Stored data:
<<<<

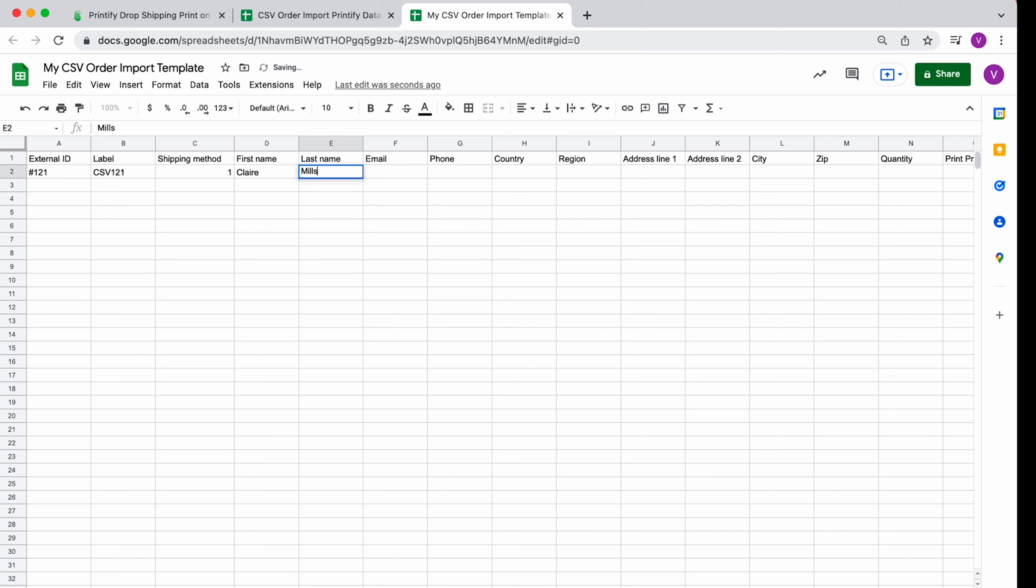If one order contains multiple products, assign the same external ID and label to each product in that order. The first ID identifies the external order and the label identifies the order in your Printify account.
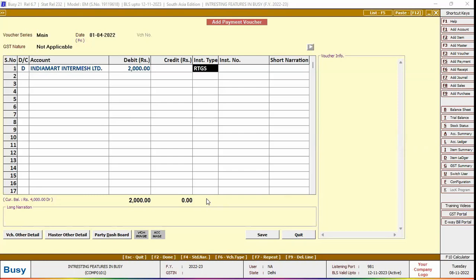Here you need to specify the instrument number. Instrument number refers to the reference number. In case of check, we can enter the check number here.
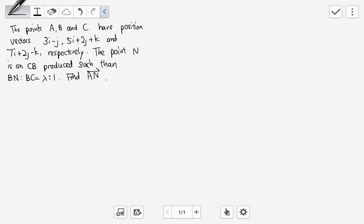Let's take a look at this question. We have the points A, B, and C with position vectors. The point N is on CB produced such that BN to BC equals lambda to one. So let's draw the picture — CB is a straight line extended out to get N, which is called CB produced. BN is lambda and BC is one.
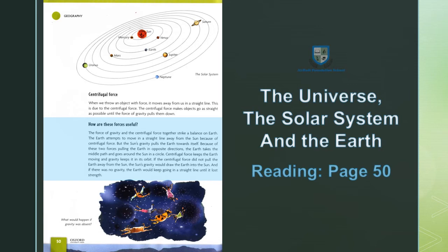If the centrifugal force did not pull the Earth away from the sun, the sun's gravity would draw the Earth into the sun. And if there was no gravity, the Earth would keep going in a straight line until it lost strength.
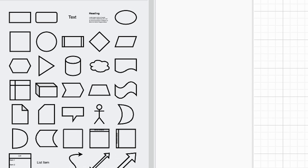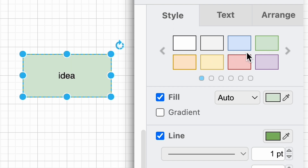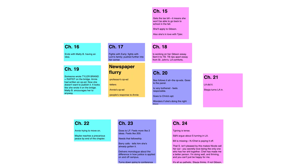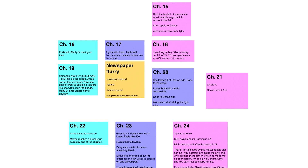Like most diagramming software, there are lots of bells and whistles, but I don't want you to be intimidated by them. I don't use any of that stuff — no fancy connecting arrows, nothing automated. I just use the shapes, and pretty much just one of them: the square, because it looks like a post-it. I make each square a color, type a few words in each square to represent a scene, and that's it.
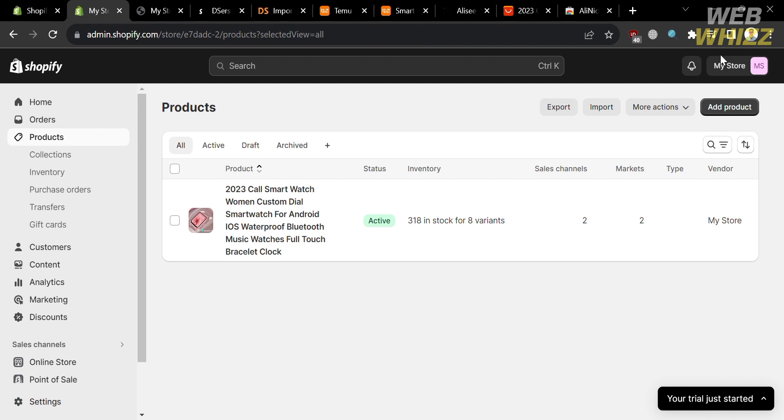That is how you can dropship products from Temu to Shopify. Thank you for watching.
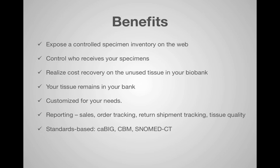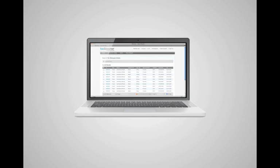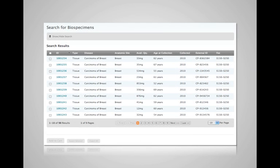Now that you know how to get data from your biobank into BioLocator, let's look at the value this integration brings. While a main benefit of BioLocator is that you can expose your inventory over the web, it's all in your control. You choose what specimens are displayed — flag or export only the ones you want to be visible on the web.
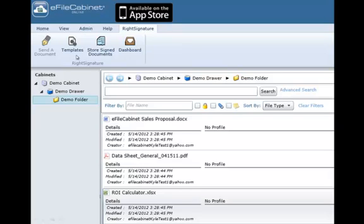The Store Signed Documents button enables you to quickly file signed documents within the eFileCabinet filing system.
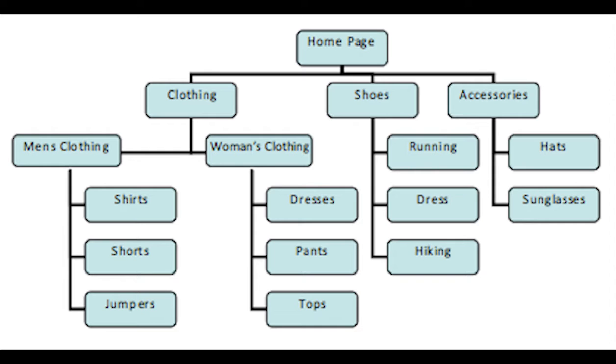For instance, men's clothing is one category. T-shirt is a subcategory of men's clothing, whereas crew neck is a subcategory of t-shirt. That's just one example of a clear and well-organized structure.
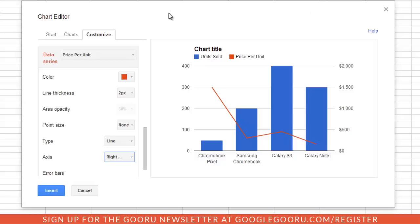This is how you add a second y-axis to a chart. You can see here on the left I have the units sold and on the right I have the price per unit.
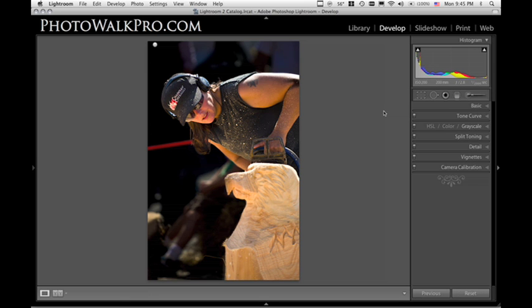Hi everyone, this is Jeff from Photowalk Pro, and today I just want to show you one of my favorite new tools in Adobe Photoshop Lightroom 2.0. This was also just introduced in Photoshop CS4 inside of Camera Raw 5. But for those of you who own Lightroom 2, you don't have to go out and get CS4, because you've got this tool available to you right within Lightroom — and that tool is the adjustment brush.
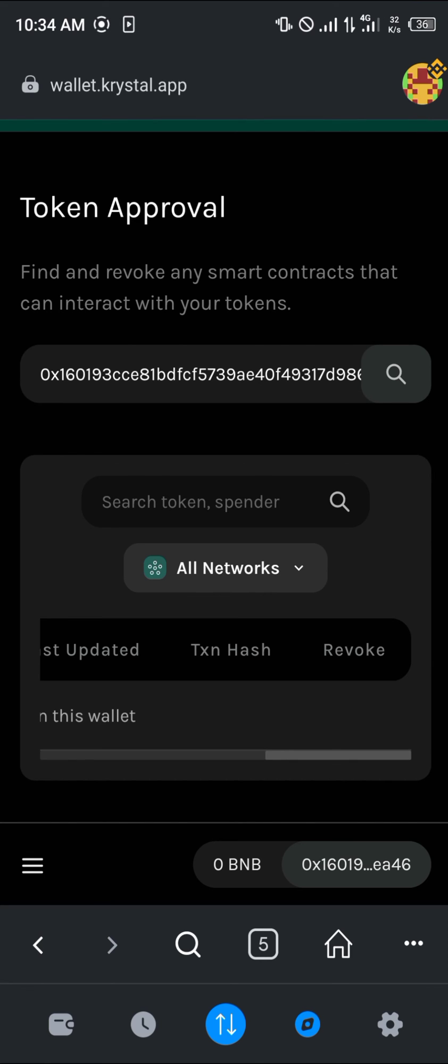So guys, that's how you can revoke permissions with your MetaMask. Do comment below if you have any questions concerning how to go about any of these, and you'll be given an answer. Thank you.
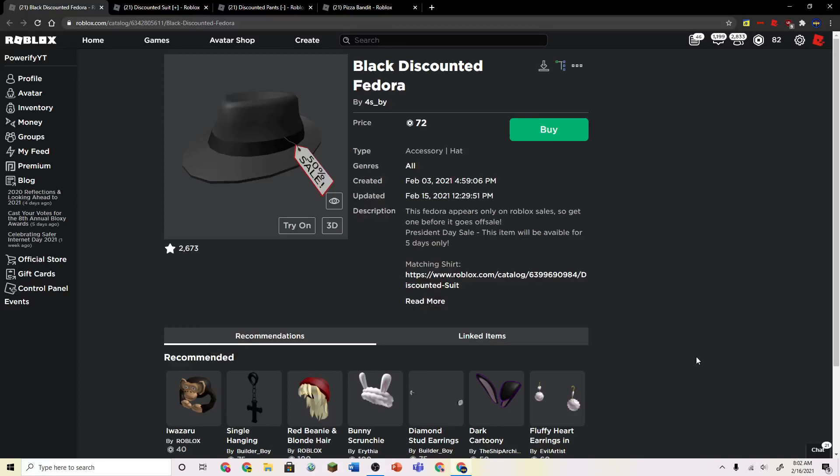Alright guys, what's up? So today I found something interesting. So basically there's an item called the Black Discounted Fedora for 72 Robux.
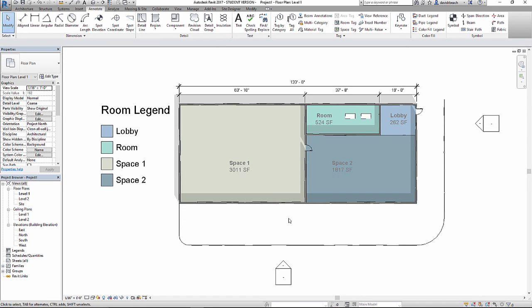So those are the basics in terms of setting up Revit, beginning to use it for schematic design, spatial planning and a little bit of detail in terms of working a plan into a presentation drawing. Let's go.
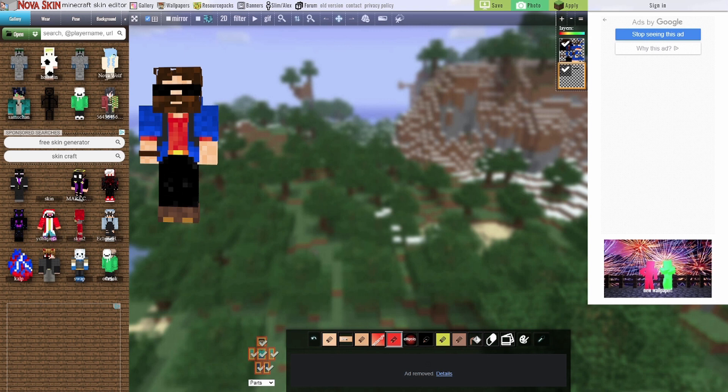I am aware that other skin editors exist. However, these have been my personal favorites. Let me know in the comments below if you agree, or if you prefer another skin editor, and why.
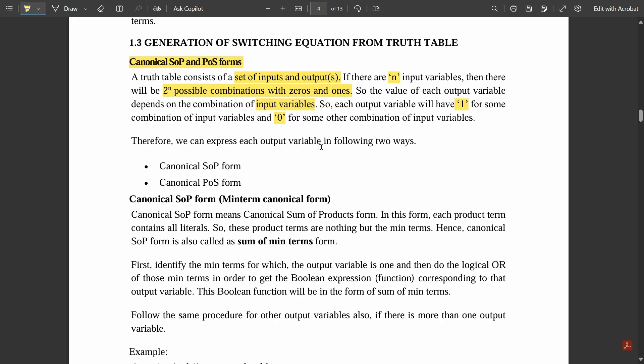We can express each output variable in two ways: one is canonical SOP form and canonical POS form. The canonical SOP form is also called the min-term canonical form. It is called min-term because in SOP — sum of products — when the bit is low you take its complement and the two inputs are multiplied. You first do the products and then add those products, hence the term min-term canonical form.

>>>>

● **ASSIGNMENT**: Please give all of the data again, exact and free of pictures.

● **ANSWER TO THIS PROBLEM**:
If one order contains multiple products, assign the same external ID and label to each product in that order. The first ID identifies the external order and the label identifies the order in your Printify account.
Here you need to specify the instrument number. Instrument number refers to the reference number. In case of check, we can enter the check number here.
Let's take a look at this question. We have the points A, B, and C with position vectors. The point N is on CB produced such that BN to BC equals lambda to one. So let's draw the picture — CB is a straight line extended out to get N, which is called CB produced. BN is lambda and BC is one.
If the centrifugal force did not pull the Earth away from the sun, the sun's gravity would draw the Earth into the sun. And if there was no gravity, the Earth would keep going in a straight line until it lost strength.
Like most diagramming software, there are lots of bells and whistles, but I don't want you to be intimidated by them. I don't use any of that stuff — no fancy connecting arrows, nothing automated. I just use the shapes, and pretty much just one of them: the square, because it looks like a post-it. I make each square a color, type a few words in each square to represent a scene, and that's it.
That is how you can dropship products from Temu to Shopify. Thank you for watching.
Now that you know how to get data from your biobank into BioLocator, let's look at the value this integration brings. While a main benefit of BioLocator is that you can expose your inventory over the web, it's all in your control. You choose what specimens are displayed — flag or export only the ones you want to be visible on the web.
The Store Signed Documents button enables you to quickly file signed documents within the eFileCabinet filing system.
For instance, men's clothing is one category. T-shirt is a subcategory of men's clothing, whereas crew neck is a subcategory of t-shirt. That's just one example of a clear and well-organized structure.
This is how you add a second y-axis to a chart. You can see here on the left I have the units sold and on the right I have the price per unit.
Hi everyone, this is Jeff from Photowalk Pro, and today I just want to show you one of my favorite new tools in Adobe Photoshop Lightroom 2.0. This was also just introduced in Photoshop CS4 inside of Camera Raw 5. But for those of you who own Lightroom 2, you don't have to go out and get CS4, because you've got this tool available to you right within Lightroom — and that tool is the adjustment brush.
So guys, that's how you can revoke permissions with your MetaMask. Do comment below if you have any questions concerning how to go about any of these, and you'll be given an answer. Thank you.
Alright guys, what's up? So today I found something interesting. So basically there's an item called the Black Discounted Fedora for 72 Robux.
So those are the basics in terms of setting up Revit, beginning to use it for schematic design, spatial planning and a little bit of detail in terms of working a plan into a presentation drawing. Let's go.
I am aware that other skin editors exist. However, these have been my personal favorites. Let me know in the comments below if you agree, or if you prefer another skin editor, and why.
We can express each output variable in two ways: one is canonical SOP form and canonical POS form. The canonical SOP form is also called the min-term canonical form. It is called min-term because in SOP — sum of products — when the bit is low you take its complement and the two inputs are multiplied. You first do the products and then add those products, hence the term min-term canonical form.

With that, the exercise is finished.